There's a problem with your function:

template <template <typename...> class collection, typename T>
std::ostream& operator<<(std::ostream& out, const collection<T>& c)  {

That will try to print any type which is a specialization of a template! So it will be used for std::pair<int, double> and other non-containers, and will fail to compile because they don't have begin() and end() member functions.

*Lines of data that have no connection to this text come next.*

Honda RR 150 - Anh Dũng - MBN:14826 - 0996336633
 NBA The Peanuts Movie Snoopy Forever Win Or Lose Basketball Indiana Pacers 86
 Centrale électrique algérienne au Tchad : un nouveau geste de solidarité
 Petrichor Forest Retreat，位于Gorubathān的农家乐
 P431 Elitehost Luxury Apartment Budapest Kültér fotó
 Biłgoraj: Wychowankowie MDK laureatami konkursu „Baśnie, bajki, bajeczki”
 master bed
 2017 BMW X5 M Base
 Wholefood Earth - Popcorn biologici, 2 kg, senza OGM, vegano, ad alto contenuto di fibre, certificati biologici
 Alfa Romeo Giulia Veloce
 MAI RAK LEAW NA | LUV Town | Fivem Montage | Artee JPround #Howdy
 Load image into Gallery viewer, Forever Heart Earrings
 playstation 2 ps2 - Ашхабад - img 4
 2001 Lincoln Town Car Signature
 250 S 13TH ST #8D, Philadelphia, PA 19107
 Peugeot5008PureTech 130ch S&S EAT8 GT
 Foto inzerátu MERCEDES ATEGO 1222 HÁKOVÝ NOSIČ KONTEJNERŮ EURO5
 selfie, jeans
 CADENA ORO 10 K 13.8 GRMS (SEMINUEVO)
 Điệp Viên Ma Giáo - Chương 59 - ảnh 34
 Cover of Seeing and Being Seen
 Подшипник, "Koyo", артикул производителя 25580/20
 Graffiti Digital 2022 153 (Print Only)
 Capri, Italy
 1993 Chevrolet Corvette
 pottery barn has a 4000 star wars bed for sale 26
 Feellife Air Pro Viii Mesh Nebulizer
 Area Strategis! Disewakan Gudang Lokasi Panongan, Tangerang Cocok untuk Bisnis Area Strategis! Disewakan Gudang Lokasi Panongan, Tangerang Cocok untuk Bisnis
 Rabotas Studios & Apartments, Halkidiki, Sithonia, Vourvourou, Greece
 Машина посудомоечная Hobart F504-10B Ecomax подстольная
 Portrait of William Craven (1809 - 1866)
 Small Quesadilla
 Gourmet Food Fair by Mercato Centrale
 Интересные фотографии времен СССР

The solution is to constrain the template so it only matches types that can be iterated over. This is based on my code in <redi/printers.h> and will print anything that can be passed to std::begin:

  template<typename Range,
           typename = decltype(*std::begin(std::declval<Range>()))>
    std::ostream&
    operator<<(std::ostream& os, const Range& range)
    {
      os << '[';
      const char* sep = "";
      for (auto& e : range)
      {
        os << sep << e;
        sep = ", ";
      }
      os << ']';
      return os;
    }

You still have the problem that this function will match for types which already have their own overloaded operator<< and so will either do the wrong thing or will be ambiguous (that is a problem for std::string, for example).

In <redi/printers.h> I solve that by defining a different function to do the printing, called print_one, and the overload that prints ranges is disabled if the type can already be printed using operator<<.